§ Given data:
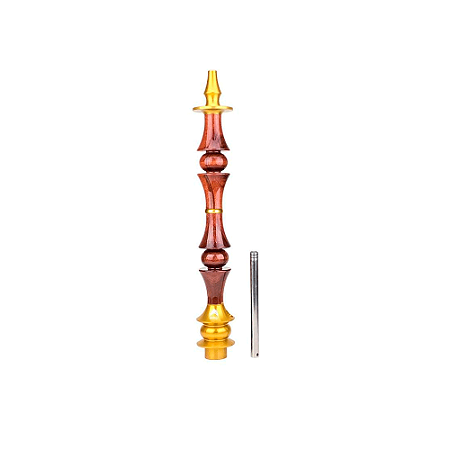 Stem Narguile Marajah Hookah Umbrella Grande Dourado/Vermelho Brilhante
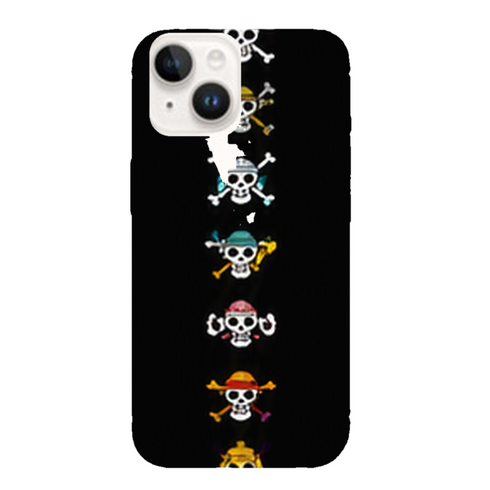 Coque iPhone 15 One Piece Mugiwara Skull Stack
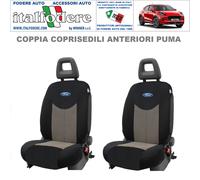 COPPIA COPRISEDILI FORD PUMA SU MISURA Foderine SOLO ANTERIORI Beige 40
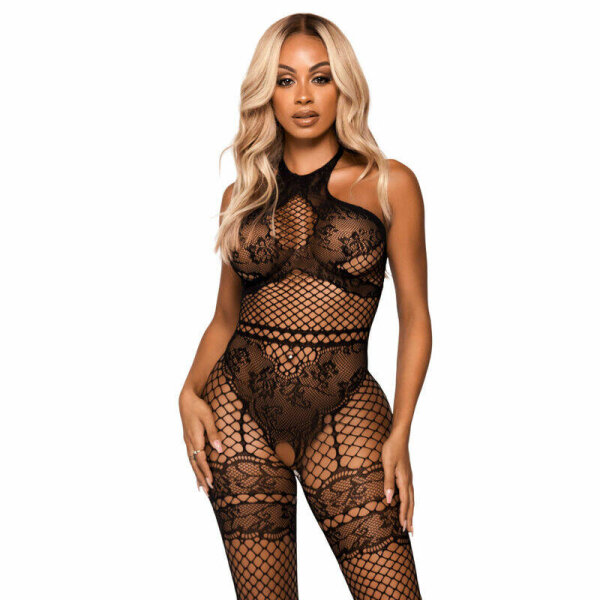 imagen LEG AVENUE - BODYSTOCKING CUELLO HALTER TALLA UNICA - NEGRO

§ To do: Reprint the listing above exactly, without images.

§ Solution below:
 Stem Narguile Marajah Hookah Umbrella Grande Dourado/Vermelho Brilhante
 Coque iPhone 15 One Piece Mugiwara Skull Stack
 COPPIA COPRISEDILI FORD PUMA SU MISURA Foderine SOLO ANTERIORI Beige 40
 imagen LEG AVENUE - BODYSTOCKING CUELLO HALTER TALLA UNICA - NEGRO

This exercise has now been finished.